ACDC is making Data FAIR and Safe: Our New Rsync-Based Backup Tool

In today’s research landscape, data is the lifeblood of discovery. But as datasets grow and experiments become more complex, keeping data both safe and FAIR (Findable, Accessible, Interoperable, and Reusable) is a challenge that every scientific group faces. That’s why our team has developed a new backup tool, designed specifically to make data management seamless, reliable, and transparent for scientists of all backgrounds.

At its core, our tool is a smart, Windows-based solution that leverages the power of rsync—a trusted workhorse in the world of data synchronization. But we’ve gone far beyond the basics. The tool comes in two flavors: one for those who prefer to trigger backups manually, and another for those who want everything to happen automatically in the background, even during off-hours.

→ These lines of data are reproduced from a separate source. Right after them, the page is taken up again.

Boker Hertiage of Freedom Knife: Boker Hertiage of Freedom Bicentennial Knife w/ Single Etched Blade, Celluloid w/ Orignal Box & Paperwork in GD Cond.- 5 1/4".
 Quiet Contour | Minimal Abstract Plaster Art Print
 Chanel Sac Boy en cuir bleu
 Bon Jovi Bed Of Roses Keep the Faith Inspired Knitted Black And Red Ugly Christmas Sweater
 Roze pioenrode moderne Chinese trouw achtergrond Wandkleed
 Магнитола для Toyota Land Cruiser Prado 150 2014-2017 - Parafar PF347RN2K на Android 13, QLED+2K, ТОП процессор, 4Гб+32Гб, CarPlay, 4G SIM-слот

What sets our approach apart is its focus on selectivity and transparency. Instead of blindly copying everything, the tool intelligently backs up only those folders that have changed recently—though customizable, by default, anything modified in the last two days. This not only saves time and storage space, but also ensures that backup operations are efficient and relevant. Each backup is meticulously logged, with a special log file placed in every folder that’s been updated. This means you always know what’s been backed up and when, making it easy to track your data’s journey.

We know that scientific data often lives on network shares and needs to be accessible across different computers and instruments. Our tool handles all the heavy lifting: it authenticates to network shares, mounts volumes as needed, and even manages file permissions to ensure that your data remains accessible to those who need it, while staying secure.

Automation is a key feature, especially for busy labs. The automated version of our tool can be scheduled to run at any time using Windows Task Scheduler. It even offers a graceful shutdown option: after a backup completes, the system can automatically power down, saving energy and reducing wear on lab computers. And if you’re still working, you can easily cancel the shutdown with a click.

We’ve also built in robust error handling and comprehensive logging, both locally and remotely. If something goes wrong, dedicated error logs make troubleshooting straightforward. All logs are organized by computer and date, and aggregated in a central location, supporting the transparency and traceability that FAIR data principles demand.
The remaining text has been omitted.